**Exercise goal:** Copy exactly, beginning with the line holding "The next muscle" and ending with the final line of the data beneath this task; copy nothing else, and leave out every picture.

**Records provided:**
---
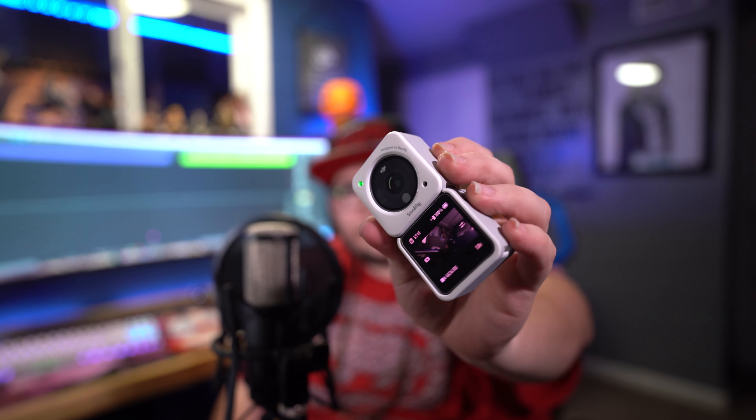The Tilta case is supposed to remove micro jitters and you can use magnetic ND filters too. Thank you for joining me in this little unboxing of the DJI Action 2 case from SmallRig. If there's anything else you'd like to know about the case, just list it in the comments below. If you love this video, please share, subscribe, and I'll keep making videos like this.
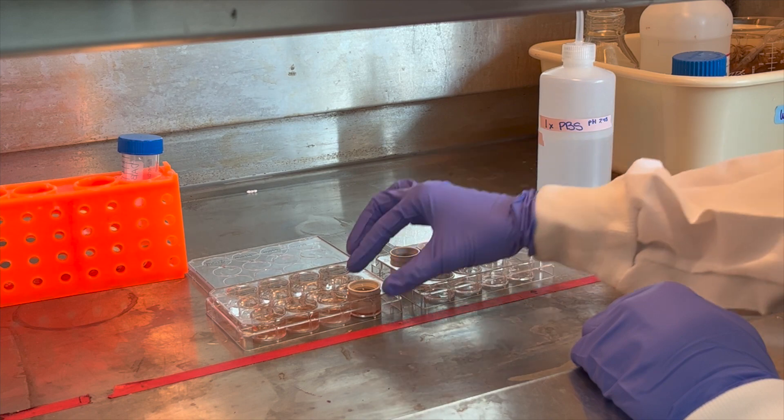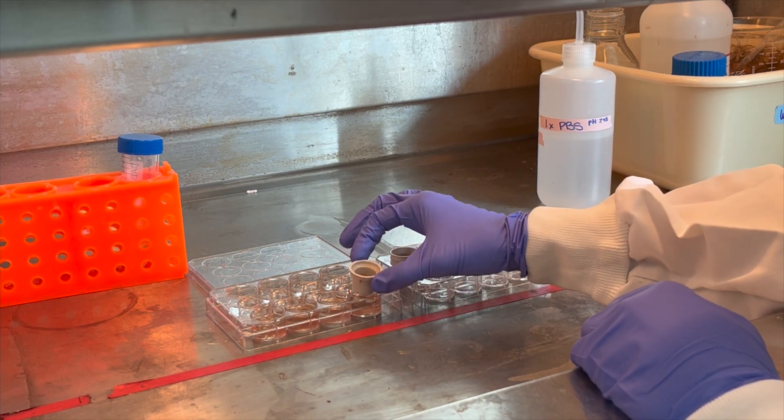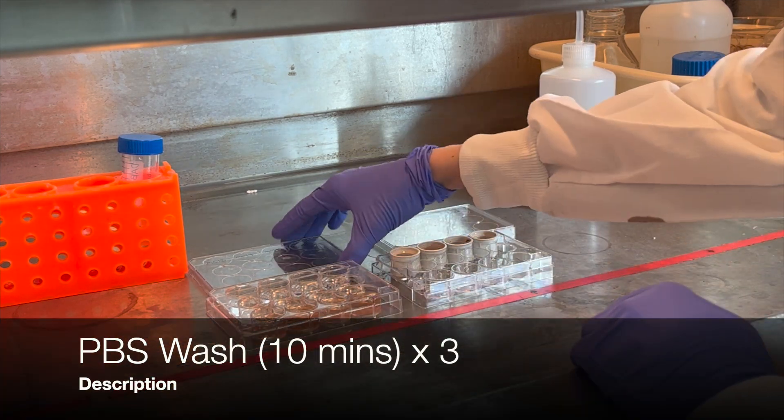To stop the DAB reaction, transfer tissues to PBS and perform 3 final 10-minute PBS washes. Mount the tissues onto slides and allow to dry. Once sufficiently dry, dehydrate the tissues in ascending concentrations of ethyl alcohol for 5 minutes each, starting with 50%, then 70%, and 100%. Finally, move tissue onto Citrusol for 5 minutes and coverslip with Permount immediately afterwards. Once the Permount is dry, the slides are ready to visualize.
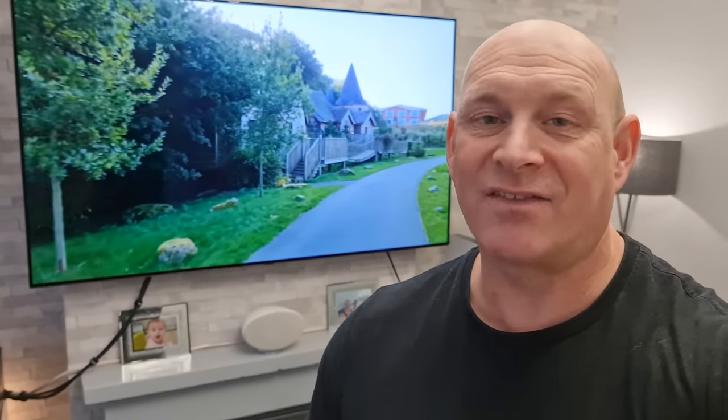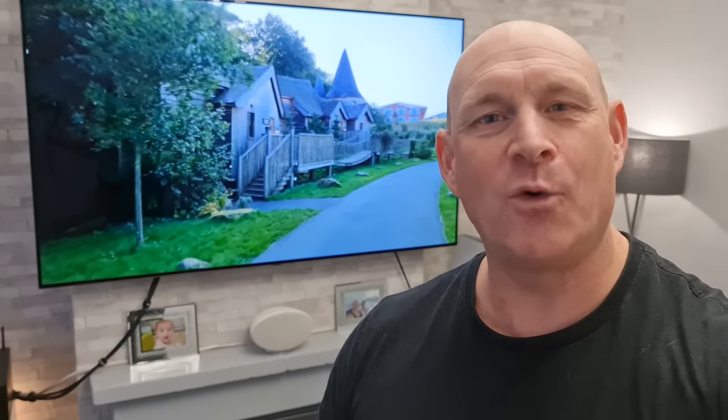Well there you go then guys — hopefully some great settings and tips to put your mind at ease when it comes to burn-in on your LG OLED TV. If you've liked this video today I would really appreciate a thumbs up, and please if you haven't already subscribed to the channel then think about subscribing for more of the same in the future. Thanks very much for joining me today and hopefully I'll catch you guys on the next one. Bye for now.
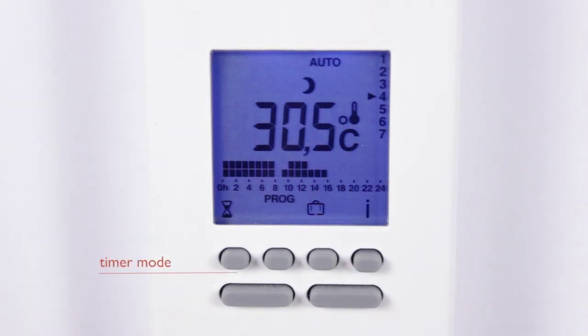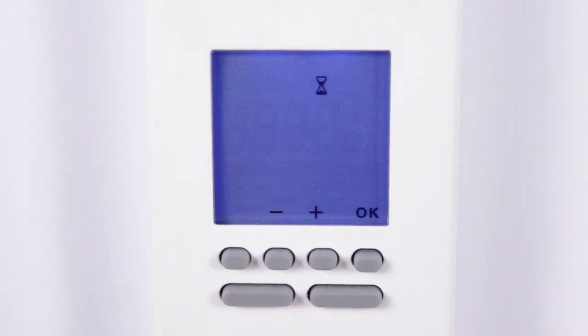Select the hourglass symbol for the timer mode. In this screen you can set a boost timer from 30 minutes up to 72 hours at your chosen temperature.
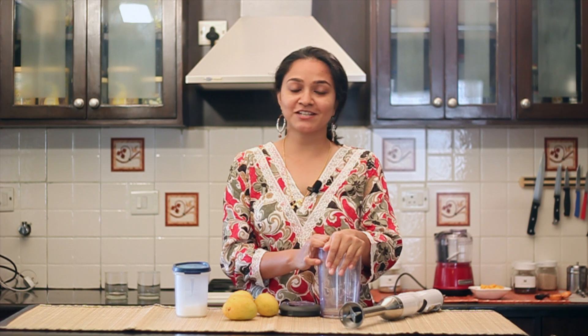Hi, I am Archana, welcome to my kitchen. Lassi is one of the most refreshing yogurt-based drinks of the Indian cuisine. It can be had salted, sweet, or blended along with fruits. And Mango Lassi tops the list and is a house favorite. So today I am going to show you how to make Mango Lassi that is going to be blended along with yogurt. So let's dive right in to see how to make this delicious Lassi.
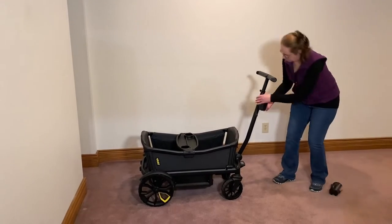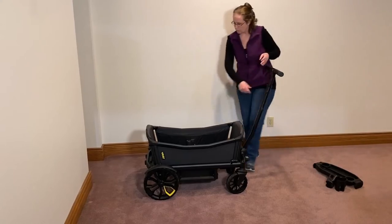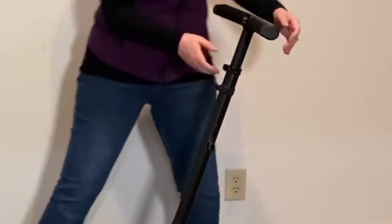First, remove the cupholders and the snack tray from the center of the wagon, then press the buttons on each end of the wagon, and fold the end pieces in and the side pieces.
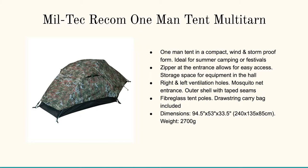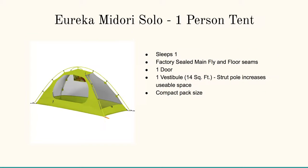There's also the Miltec Recom one-man tent in multi-tarn. I like this thing — you go invisible in it when you're out in the wild, which is not a bad idea depending on your function. It's a one-man tent in compact, wind and storm-proof form, ideal for summer camping and festivals. It has a zipper entrance for easy access and gear storage, right and left ventilation holes, a mosquito net, outer shell with taped seams, fiberglass tent poles, and a drawstring carry bag. Dimensions are 94 inches by 53 by 33 inches high — pretty much perfect for backpacking.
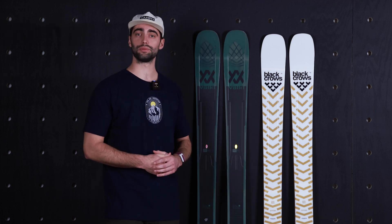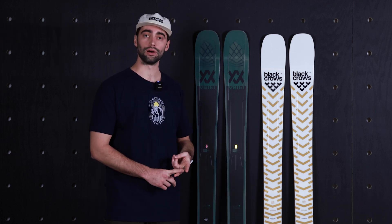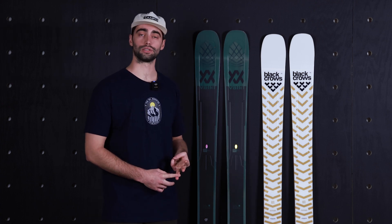Any other questions you guys might have, feel free to reach out to our customer service team in the live chat, email, give us a call, or come see us in Boston for an in-store appointment.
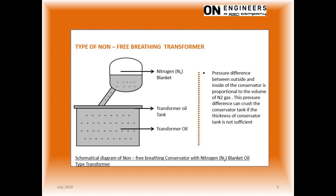There will be a limit to the size of the transformer for such a design. There will be a pressure difference between the outside air and the headspace inside the conservator tank. As the oil volume contracts due to decreased loading, the outside air will have a larger pressure than the inside headspace. This pressure difference can crush the conservator tank. For a larger transformer, this non-breathing design will not be suitable.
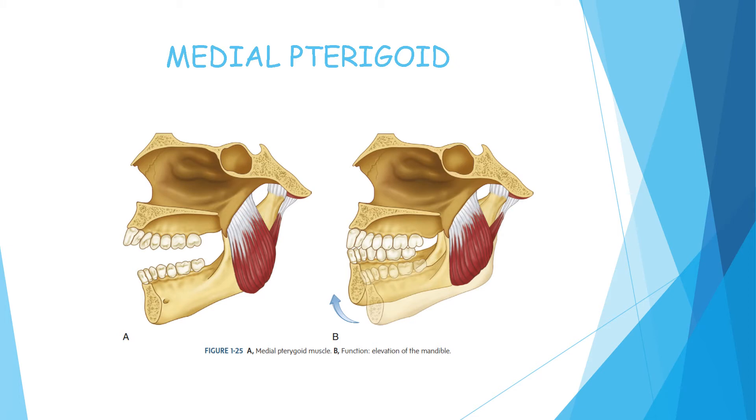The next muscle is the medial pterygoid, also known as the internal pterygoid. It originates from the pterygoid fossa and extends downward, backward, and outward to insert along the medial surface of the angle of the mandible. Along with the masseter muscle, it forms a muscular sling that supports the mandible at the angle. When the fibers contract, the mandible is elevated and the teeth are brought into contact. This muscle is also active in protruding the mandible, and unilateral contraction of the muscle brings about a medial trusive movement of the mandible.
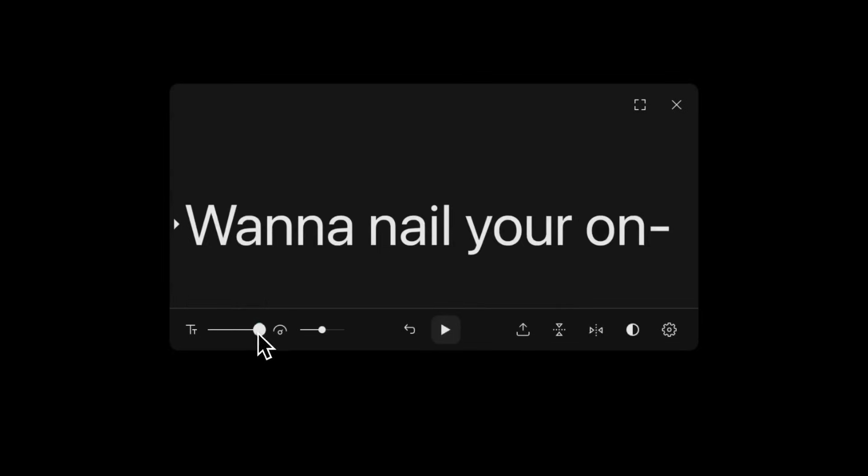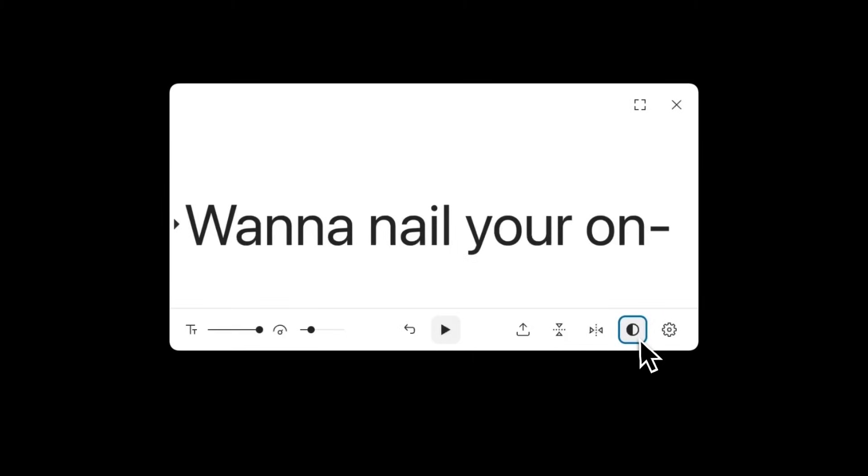Here's where the magic happens. You can paste in your script or just import it from your project, adjust the font size, tweak the scroll speed, and even choose between light or dark mode. There's also a mirrored mode if you already sprung for a physical teleprompter — that's what I'm using right now.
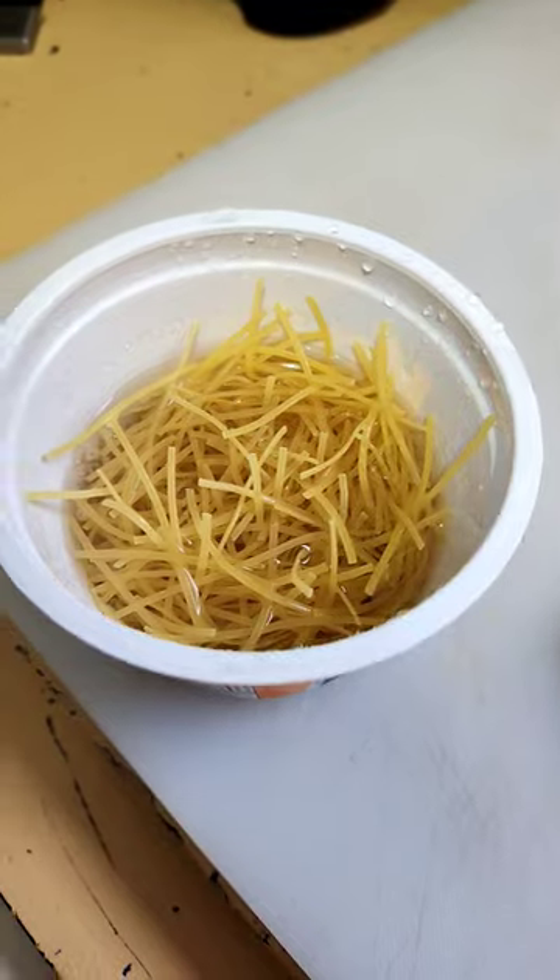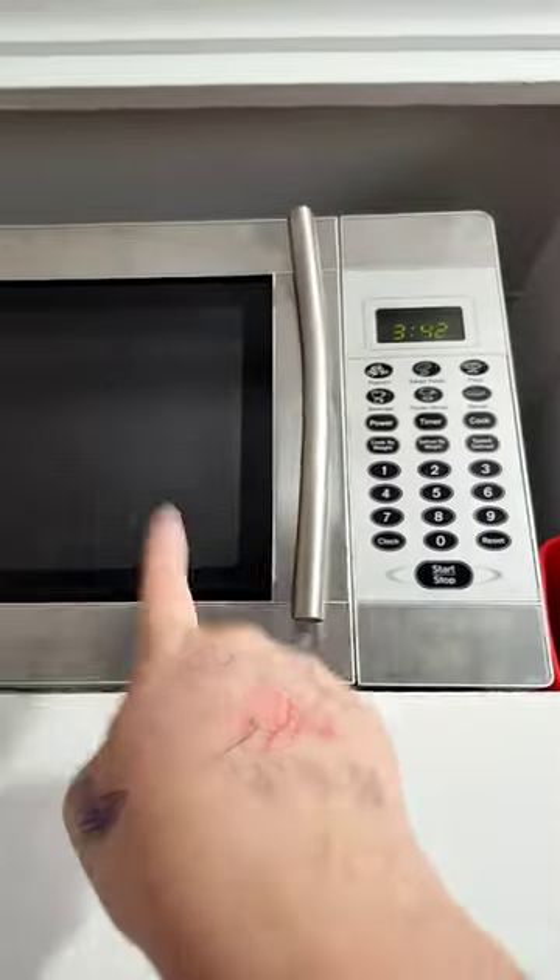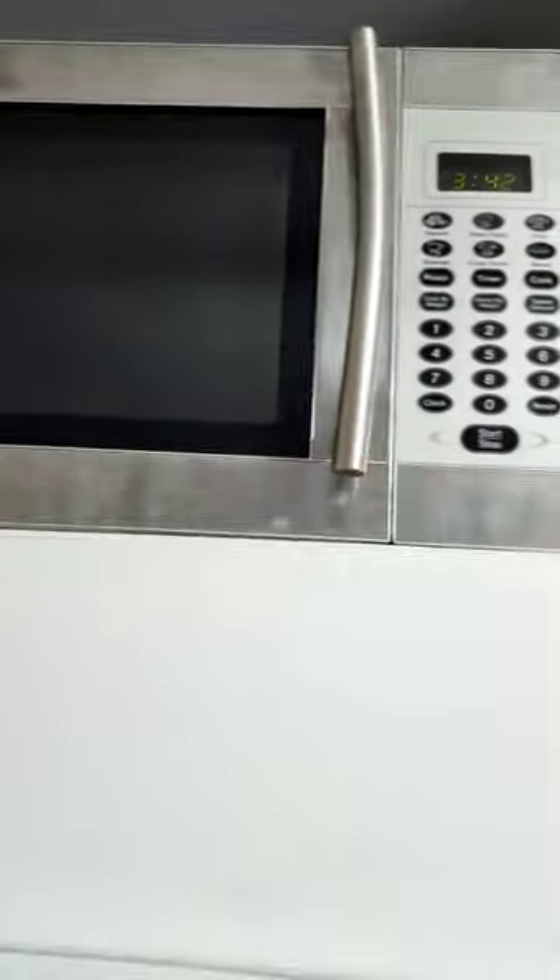If you added more noodles, don't fill to the fill line — fill to just the top of the noodles, like so. Do not add the powder; that's for after. On the back of it, it says three and a half minutes. I'm gonna put it in for four because I added more noodles.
---
**Reply:**
The next muscle is the medial pterygoid, also known as the internal pterygoid. It originates from the pterygoid fossa and extends downward, backward, and outward to insert along the medial surface of the angle of the mandible. Along with the masseter muscle, it forms a muscular sling that supports the mandible at the angle. When the fibers contract, the mandible is elevated and the teeth are brought into contact. This muscle is also active in protruding the mandible, and unilateral contraction of the muscle brings about a medial trusive movement of the mandible.
Here's where the magic happens. You can paste in your script or just import it from your project, adjust the font size, tweak the scroll speed, and even choose between light or dark mode. There's also a mirrored mode if you already sprung for a physical teleprompter — that's what I'm using right now.
If you added more noodles, don't fill to the fill line — fill to just the top of the noodles, like so. Do not add the powder; that's for after. On the back of it, it says three and a half minutes. I'm gonna put it in for four because I added more noodles.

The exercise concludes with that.